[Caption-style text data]
════════════════

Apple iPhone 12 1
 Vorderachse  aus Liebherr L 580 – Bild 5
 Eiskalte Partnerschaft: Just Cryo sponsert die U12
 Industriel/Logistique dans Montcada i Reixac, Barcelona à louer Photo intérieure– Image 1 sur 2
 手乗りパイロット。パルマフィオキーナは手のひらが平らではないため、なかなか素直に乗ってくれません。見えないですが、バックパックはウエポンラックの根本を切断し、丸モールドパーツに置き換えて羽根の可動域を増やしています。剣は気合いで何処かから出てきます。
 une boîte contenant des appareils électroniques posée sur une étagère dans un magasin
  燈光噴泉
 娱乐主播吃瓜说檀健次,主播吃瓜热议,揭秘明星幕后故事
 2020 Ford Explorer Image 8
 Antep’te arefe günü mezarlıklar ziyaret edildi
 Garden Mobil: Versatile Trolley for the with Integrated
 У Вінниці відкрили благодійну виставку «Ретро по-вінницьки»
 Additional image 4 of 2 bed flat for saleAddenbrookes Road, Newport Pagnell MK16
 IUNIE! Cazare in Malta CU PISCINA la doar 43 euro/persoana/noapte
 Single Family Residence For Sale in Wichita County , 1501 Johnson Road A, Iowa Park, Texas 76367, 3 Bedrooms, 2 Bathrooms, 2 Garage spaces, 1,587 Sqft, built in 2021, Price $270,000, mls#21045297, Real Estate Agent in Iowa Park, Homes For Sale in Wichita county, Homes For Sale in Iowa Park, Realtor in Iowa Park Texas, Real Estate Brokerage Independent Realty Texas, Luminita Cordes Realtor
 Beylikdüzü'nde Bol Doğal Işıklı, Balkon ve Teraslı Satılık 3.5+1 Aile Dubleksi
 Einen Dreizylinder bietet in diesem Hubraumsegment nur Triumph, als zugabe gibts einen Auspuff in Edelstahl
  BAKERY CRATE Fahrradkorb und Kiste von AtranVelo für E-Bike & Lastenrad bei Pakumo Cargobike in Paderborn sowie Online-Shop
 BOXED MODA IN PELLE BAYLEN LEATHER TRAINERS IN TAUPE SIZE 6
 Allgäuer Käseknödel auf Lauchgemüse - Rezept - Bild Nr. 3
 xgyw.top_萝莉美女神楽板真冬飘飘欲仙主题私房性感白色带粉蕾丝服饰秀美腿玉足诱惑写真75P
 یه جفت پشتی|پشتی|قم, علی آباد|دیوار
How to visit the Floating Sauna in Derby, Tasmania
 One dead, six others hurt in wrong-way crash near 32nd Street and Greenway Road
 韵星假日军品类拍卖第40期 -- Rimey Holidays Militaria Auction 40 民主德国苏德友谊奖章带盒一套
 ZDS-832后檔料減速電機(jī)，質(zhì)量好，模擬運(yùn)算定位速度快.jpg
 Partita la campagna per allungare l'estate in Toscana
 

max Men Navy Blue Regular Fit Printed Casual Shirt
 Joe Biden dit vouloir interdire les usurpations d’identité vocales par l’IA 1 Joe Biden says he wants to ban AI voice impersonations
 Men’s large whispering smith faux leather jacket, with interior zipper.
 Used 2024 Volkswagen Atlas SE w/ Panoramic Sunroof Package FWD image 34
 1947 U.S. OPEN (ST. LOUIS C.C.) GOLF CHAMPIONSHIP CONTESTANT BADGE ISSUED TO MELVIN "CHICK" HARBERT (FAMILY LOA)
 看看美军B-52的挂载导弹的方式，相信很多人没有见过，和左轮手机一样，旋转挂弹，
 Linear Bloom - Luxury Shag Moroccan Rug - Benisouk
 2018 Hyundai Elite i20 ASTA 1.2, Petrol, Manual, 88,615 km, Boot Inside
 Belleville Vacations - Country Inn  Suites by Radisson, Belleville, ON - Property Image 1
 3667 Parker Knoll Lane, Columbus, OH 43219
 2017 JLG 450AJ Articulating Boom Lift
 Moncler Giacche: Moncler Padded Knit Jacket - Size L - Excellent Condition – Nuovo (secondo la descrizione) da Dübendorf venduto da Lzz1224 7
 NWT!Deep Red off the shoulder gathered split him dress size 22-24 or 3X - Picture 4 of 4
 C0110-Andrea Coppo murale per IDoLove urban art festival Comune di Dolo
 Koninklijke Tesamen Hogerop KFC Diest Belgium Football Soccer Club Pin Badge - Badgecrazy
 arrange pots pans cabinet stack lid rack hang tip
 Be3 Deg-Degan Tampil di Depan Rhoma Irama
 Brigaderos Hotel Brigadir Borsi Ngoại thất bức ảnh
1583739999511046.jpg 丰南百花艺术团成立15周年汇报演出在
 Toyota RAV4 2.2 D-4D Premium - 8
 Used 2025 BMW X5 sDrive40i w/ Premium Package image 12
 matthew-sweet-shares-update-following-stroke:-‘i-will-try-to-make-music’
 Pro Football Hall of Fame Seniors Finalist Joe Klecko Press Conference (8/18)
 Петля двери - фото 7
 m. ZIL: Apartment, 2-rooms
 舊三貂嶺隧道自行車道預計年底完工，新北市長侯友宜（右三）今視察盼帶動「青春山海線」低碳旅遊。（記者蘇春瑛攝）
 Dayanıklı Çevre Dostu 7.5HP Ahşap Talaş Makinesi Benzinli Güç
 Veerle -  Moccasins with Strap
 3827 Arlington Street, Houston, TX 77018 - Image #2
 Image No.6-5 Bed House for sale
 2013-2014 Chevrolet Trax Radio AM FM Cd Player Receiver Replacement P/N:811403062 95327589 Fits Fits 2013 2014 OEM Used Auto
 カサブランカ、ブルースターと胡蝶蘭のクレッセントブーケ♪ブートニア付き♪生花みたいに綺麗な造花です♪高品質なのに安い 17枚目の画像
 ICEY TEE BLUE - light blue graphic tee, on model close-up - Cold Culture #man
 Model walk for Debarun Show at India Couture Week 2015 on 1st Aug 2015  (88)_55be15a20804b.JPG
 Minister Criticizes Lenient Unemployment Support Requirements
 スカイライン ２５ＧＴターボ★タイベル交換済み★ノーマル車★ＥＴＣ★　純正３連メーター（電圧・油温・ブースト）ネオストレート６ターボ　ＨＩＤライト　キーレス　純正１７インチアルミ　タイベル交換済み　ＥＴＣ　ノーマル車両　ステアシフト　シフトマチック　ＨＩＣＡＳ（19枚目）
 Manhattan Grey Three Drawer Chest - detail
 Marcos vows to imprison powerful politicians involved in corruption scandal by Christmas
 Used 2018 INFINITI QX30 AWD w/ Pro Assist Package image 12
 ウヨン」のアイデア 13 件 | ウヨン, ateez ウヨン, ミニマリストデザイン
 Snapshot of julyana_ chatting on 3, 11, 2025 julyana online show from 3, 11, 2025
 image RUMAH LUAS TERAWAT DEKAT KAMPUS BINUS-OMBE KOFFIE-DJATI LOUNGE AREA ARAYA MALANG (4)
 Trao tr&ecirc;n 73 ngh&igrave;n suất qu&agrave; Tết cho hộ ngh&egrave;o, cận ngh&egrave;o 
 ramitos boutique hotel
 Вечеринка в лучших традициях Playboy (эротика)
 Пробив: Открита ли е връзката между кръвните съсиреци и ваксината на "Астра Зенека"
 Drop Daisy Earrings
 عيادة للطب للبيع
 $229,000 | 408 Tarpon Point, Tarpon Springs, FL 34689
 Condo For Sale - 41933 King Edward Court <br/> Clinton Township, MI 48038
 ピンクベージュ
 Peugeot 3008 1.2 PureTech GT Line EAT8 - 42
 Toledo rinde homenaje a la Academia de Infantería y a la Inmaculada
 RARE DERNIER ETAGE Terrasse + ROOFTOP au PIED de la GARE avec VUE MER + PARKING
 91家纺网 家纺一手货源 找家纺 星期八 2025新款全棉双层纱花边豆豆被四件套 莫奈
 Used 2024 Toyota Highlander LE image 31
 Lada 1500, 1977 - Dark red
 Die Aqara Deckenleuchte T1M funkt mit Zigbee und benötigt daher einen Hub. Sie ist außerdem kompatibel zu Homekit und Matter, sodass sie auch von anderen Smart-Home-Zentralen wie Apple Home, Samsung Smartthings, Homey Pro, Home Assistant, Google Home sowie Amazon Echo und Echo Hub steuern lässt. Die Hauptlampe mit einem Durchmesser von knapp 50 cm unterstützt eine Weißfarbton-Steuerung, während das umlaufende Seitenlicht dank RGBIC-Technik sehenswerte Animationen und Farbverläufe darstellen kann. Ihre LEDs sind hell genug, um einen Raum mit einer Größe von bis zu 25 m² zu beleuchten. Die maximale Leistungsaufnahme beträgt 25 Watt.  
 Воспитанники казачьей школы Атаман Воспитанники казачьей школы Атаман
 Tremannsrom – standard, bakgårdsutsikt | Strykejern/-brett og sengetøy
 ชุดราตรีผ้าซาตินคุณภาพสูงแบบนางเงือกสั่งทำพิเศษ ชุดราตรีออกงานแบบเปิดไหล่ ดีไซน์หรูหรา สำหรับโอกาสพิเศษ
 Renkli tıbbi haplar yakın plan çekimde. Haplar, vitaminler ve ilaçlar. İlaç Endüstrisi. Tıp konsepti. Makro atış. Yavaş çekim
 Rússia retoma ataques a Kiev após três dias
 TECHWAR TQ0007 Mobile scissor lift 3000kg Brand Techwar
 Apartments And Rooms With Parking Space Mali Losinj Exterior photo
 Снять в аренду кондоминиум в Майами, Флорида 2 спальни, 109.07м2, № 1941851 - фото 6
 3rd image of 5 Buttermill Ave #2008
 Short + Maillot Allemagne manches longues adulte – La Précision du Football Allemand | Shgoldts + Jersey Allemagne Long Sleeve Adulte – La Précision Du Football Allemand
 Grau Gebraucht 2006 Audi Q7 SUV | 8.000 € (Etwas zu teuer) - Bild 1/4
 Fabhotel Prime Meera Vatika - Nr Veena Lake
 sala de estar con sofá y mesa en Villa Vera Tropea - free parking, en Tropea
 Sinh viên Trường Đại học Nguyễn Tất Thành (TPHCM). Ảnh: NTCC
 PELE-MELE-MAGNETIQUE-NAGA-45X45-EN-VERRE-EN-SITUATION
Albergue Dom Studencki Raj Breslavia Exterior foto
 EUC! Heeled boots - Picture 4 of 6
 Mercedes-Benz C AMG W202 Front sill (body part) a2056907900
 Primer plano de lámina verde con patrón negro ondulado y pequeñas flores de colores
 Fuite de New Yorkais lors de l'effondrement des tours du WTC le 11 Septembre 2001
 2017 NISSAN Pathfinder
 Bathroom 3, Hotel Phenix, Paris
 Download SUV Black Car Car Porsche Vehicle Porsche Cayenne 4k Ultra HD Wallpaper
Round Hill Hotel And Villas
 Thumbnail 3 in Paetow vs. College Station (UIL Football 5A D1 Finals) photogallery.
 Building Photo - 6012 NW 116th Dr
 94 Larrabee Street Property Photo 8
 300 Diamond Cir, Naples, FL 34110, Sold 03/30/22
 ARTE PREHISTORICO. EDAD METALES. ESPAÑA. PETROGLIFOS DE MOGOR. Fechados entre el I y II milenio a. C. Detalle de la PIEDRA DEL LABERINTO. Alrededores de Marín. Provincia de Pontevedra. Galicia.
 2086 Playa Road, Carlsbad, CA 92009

════════════════

Exercise prompt: The word "Bild" may appear in several lines of the data; copy every line where it does.

Task answer:
 Vorderachse  aus Liebherr L 580 – Bild 5
 Allgäuer Käseknödel auf Lauchgemüse - Rezept - Bild Nr. 3
 Grau Gebraucht 2006 Audi Q7 SUV | 8.000 € (Etwas zu teuer) - Bild 1/4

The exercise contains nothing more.